This month, conductor William Christie and members of the ensemble Les Arts Florissants will be returning to Juilliard for their third annual residency and performance project. For the first time, though, Christie and his colleagues will be working with students in the School’s new Historical Performance program. As a result, the residency will be more intense and rigorous for the students involved. During the week before the concert, which will take place on April 2 in Alice Tully Hall, students will have the opportunity to take lessons with members of Les Arts Florissants, the Baroque orchestra that Christie founded more than 30 years ago with the motto “Le Baroque Retrouvé,” or “The Baroque Rediscovered.” Concurrently, Christie will be rehearsing with the Juilliard415 Ensemble, the Historical Performance student orchestra.
Benjamin Sosland, Historical Performance’s administrative director, has been deeply involved in that program’s development over the last few years.
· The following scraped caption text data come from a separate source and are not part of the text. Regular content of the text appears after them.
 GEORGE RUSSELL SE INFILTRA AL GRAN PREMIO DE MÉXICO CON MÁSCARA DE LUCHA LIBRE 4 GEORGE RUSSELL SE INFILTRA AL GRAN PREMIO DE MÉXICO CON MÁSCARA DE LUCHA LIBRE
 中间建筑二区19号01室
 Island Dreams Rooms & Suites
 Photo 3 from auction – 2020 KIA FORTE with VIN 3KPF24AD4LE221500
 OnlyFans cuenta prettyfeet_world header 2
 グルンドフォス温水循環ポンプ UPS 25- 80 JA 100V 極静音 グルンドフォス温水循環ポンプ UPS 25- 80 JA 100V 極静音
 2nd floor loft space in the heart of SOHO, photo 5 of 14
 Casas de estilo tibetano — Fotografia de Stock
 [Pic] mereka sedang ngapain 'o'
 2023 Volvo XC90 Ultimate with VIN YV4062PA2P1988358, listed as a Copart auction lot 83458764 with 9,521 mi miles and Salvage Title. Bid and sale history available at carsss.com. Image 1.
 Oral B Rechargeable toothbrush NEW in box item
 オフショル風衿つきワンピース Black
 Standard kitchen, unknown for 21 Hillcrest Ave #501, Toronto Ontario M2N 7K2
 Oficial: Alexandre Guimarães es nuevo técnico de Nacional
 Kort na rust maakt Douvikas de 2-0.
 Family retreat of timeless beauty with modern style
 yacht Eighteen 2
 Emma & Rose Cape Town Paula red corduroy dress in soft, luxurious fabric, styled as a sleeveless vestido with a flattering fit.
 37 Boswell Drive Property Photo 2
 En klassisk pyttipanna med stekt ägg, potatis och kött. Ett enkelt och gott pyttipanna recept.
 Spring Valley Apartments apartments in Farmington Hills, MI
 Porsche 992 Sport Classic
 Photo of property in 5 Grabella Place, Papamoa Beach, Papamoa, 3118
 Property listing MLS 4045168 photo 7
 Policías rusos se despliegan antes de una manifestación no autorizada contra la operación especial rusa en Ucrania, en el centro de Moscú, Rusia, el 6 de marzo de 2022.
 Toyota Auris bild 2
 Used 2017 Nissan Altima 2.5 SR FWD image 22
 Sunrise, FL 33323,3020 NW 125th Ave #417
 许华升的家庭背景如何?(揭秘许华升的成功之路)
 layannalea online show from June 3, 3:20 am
He calls Christie the godfather figure of the department and, in a recent interview, said that Christie’s involvement “set this program apart.” Sosland noted that with the Historical Performance majors, Christie will be able to address more complex and involved historical and interpretational issues than in previous years. Students will also benefit from access to what faculty member Kenneth Weiss calls Christie’s “exciting performances that speak very well today” with “an immediacy of interpretation.”
The April 2 program was selected by Christie along with Weiss, who teaches harpsichord at Juilliard and is a frequent Christie collaborator. The repertoire was chosen specifically to highlight the talents and interests of both Christie and the members of Historical Performance. Weiss also wished to mix well-known composers of the Baroque, such as Purcell and Handel, alongside lesser-known composers such as Charles Avison and Thomas Arne, whose music, Weiss believes, deserves to be rediscovered.
Christie is well known for his catalog of opera performances with Les Arts Florissants, so the upcoming concert will include suites from operas by Locke, Purcell, and Arne, selected to employ what Weiss calls Christie’s “fantastic theatrical sense.” Of particular interest will be the iconic “Frost” scene from Purcell’s King Arthur, in which the Cold Genius, a wizard with a shiveringly cold bass voice, is awoken by Cupid and rises up from the ice.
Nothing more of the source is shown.